▸ **Description of the task**
All that should be output is the block of lines below from the line with "Atlantic Apparel 'Surf" to the line with "De aankomst van", both included, exactly as written.
——————
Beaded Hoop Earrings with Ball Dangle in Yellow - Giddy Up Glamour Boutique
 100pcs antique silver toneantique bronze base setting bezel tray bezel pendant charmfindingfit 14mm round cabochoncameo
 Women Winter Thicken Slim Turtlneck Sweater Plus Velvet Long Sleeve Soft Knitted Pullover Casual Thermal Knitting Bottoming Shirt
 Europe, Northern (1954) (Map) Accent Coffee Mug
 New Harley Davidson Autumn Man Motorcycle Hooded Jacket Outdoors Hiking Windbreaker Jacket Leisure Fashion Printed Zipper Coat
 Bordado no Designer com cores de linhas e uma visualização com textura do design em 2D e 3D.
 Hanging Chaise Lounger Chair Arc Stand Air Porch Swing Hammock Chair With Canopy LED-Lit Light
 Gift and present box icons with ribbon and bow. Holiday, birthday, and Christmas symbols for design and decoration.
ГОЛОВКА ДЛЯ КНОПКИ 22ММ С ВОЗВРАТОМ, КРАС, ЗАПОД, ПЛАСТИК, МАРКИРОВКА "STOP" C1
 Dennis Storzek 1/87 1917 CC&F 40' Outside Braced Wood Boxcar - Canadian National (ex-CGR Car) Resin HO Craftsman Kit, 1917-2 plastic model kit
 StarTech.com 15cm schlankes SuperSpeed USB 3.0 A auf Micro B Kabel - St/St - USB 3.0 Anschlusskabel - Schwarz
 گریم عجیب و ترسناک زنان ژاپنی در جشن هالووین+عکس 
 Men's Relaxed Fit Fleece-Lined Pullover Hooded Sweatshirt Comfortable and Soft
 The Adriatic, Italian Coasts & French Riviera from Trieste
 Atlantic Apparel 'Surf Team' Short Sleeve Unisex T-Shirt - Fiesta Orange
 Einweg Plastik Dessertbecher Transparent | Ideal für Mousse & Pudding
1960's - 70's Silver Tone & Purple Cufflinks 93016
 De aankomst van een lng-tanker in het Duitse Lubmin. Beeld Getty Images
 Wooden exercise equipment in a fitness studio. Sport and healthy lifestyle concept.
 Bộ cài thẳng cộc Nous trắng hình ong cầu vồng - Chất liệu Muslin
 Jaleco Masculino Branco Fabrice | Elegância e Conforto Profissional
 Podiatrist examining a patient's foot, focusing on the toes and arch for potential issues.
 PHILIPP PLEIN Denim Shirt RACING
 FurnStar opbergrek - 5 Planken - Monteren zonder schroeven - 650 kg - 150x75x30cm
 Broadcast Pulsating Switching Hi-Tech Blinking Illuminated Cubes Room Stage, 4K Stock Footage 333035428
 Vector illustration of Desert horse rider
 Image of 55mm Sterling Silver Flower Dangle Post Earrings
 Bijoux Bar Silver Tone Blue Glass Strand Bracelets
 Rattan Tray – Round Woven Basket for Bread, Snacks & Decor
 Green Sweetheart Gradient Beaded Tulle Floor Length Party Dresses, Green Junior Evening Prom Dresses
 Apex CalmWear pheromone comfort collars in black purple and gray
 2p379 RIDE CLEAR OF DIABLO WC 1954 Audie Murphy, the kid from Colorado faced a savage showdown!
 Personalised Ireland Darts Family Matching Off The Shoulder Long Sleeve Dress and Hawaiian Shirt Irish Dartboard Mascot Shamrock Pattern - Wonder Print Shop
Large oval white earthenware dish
——————
▸ **Answer section**
 Atlantic Apparel 'Surf Team' Short Sleeve Unisex T-Shirt - Fiesta Orange
 Einweg Plastik Dessertbecher Transparent | Ideal für Mousse & Pudding
1960's - 70's Silver Tone & Purple Cufflinks 93016
 De aankomst van een lng-tanker in het Duitse Lubmin. Beeld Getty Images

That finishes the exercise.